AVAILABLE RECORDS:

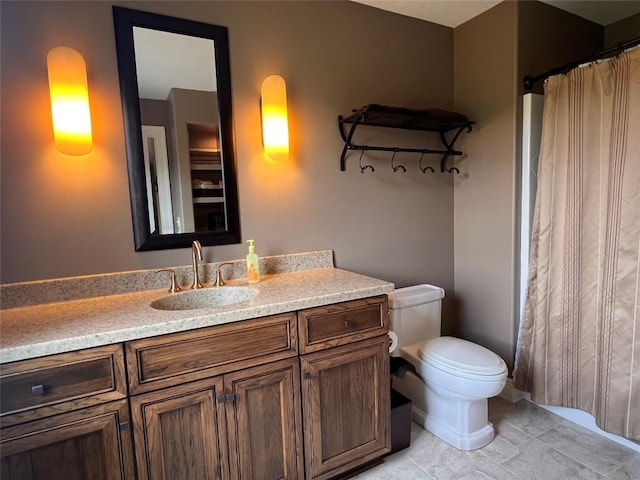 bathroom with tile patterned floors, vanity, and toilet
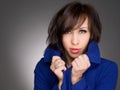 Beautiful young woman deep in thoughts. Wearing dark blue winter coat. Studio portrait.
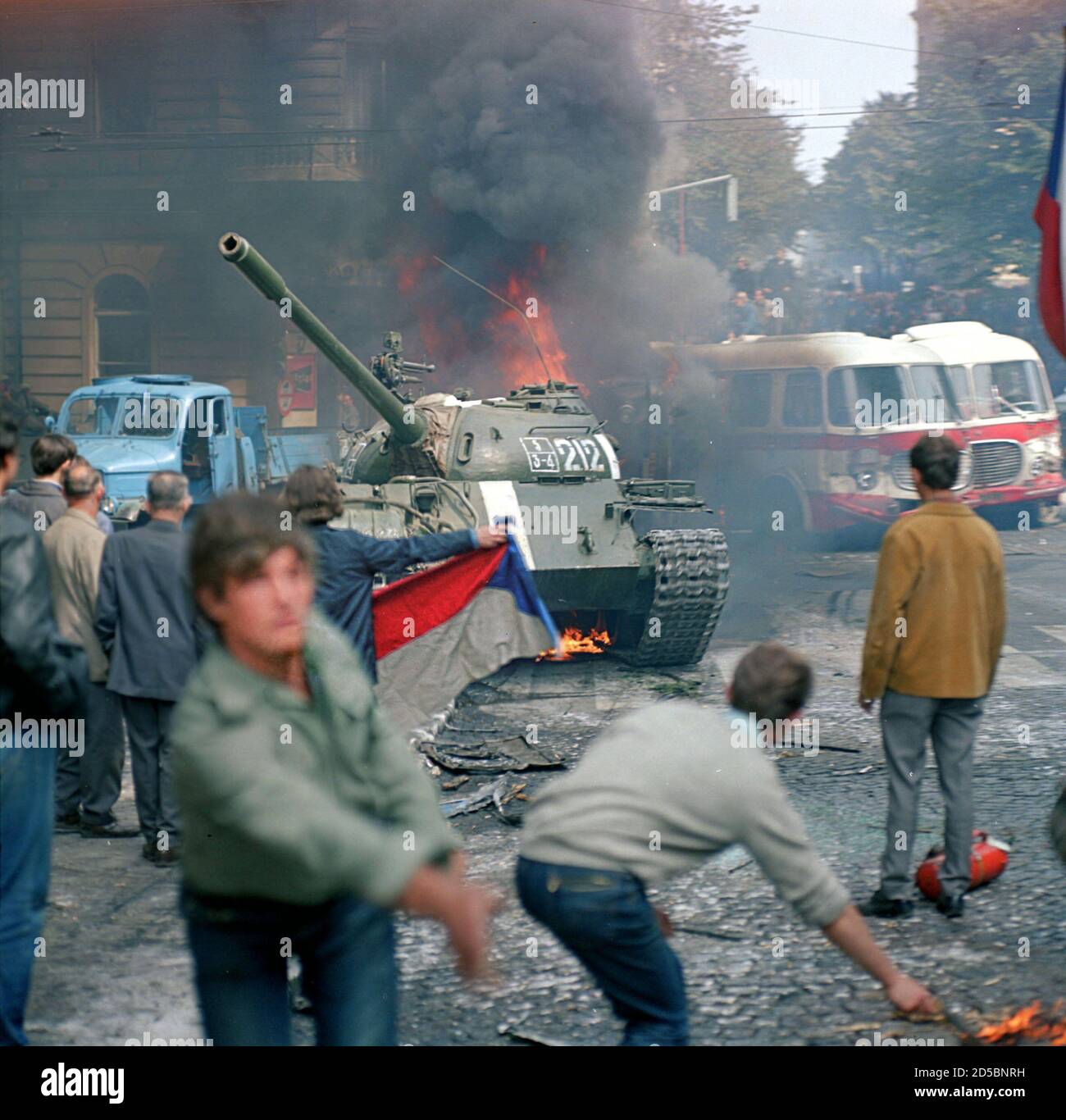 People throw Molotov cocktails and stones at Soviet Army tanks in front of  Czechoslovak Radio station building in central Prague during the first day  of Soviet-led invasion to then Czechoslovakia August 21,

* * *

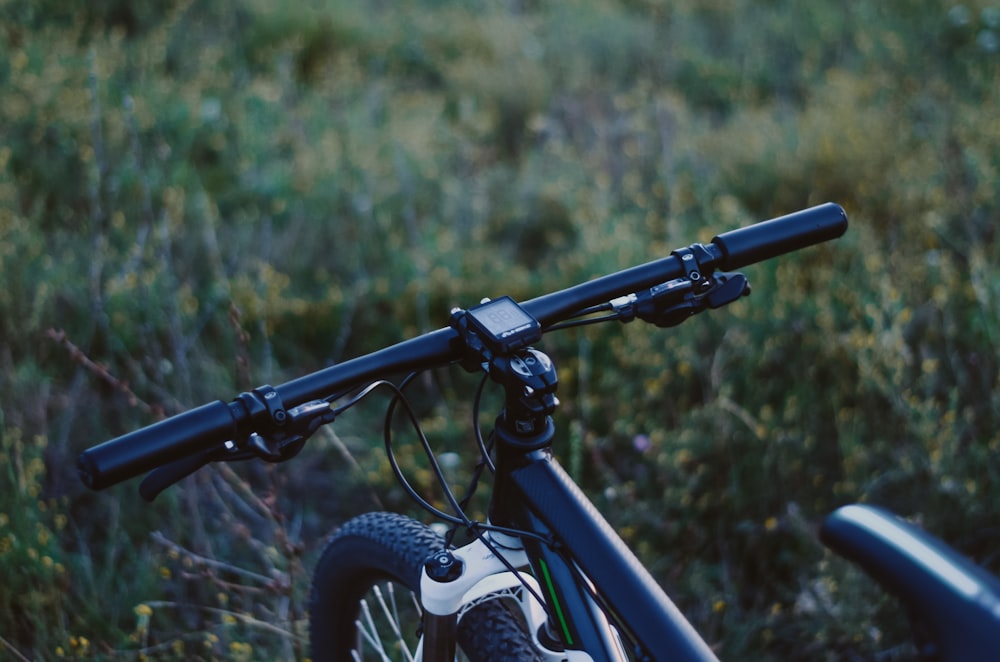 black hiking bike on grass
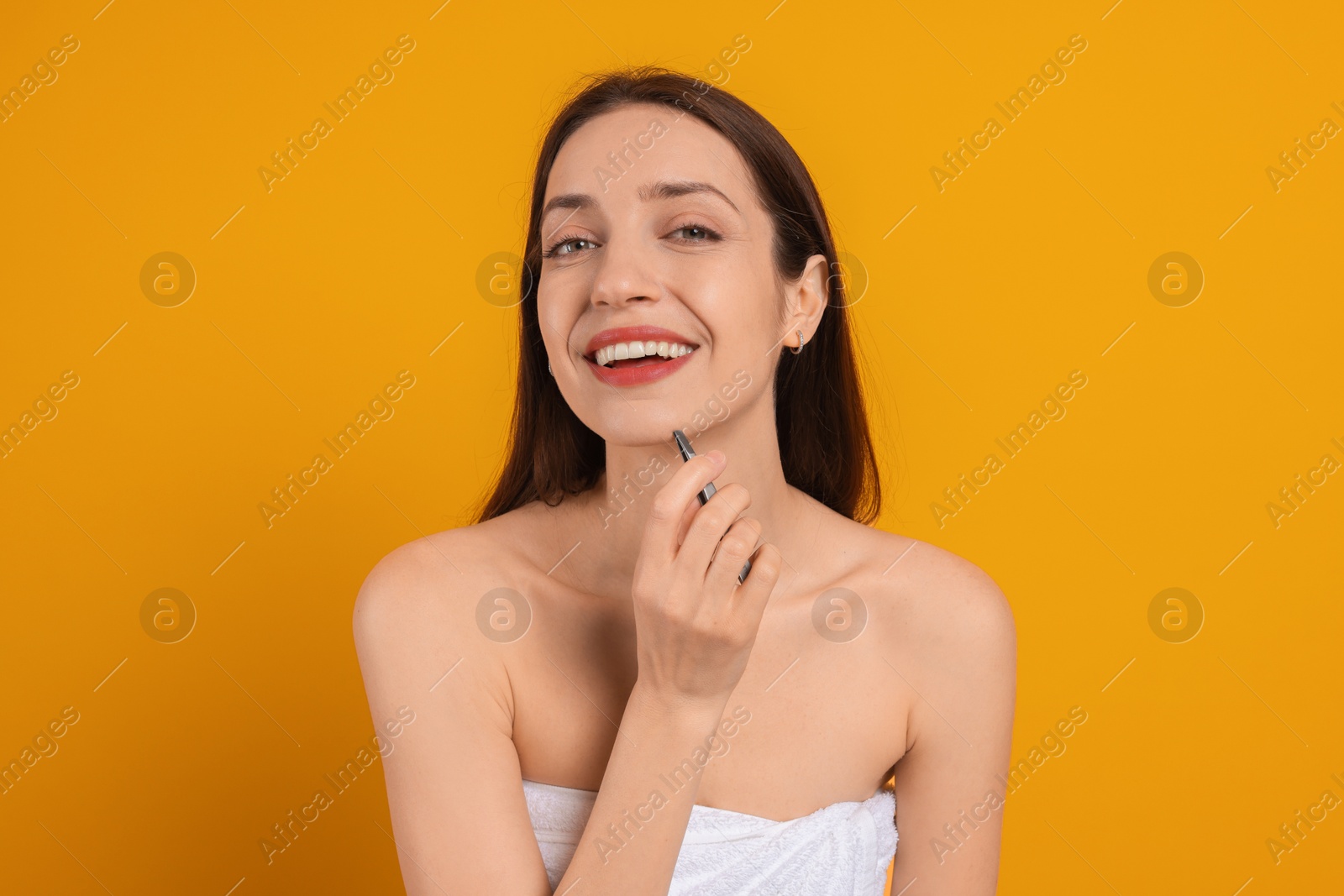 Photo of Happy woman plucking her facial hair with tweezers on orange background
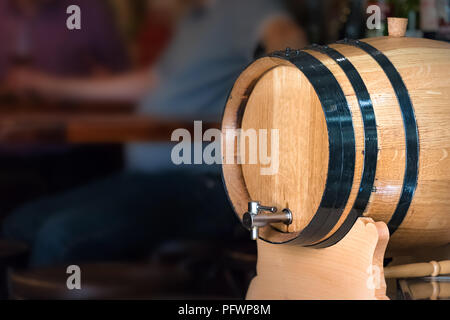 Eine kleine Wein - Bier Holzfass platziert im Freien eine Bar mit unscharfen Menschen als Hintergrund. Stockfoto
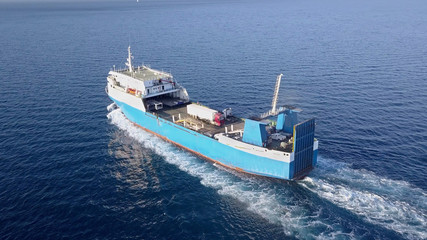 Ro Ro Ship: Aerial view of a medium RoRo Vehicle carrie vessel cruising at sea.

WORK INSTRUCTION: Transcribe, word for word, the stretch of lines in the data above from the one with "bathroom with tile" through the one with "People throw Molotov"; omit all pictures.

TASK SOLUTION:
 bathroom with tile patterned floors, vanity, and toilet
 Beautiful young woman deep in thoughts. Wearing dark blue winter coat. Studio portrait.
 People throw Molotov cocktails and stones at Soviet Army tanks in front of  Czechoslovak Radio station building in central Prague during the first day  of Soviet-led invasion to then Czechoslovakia August 21,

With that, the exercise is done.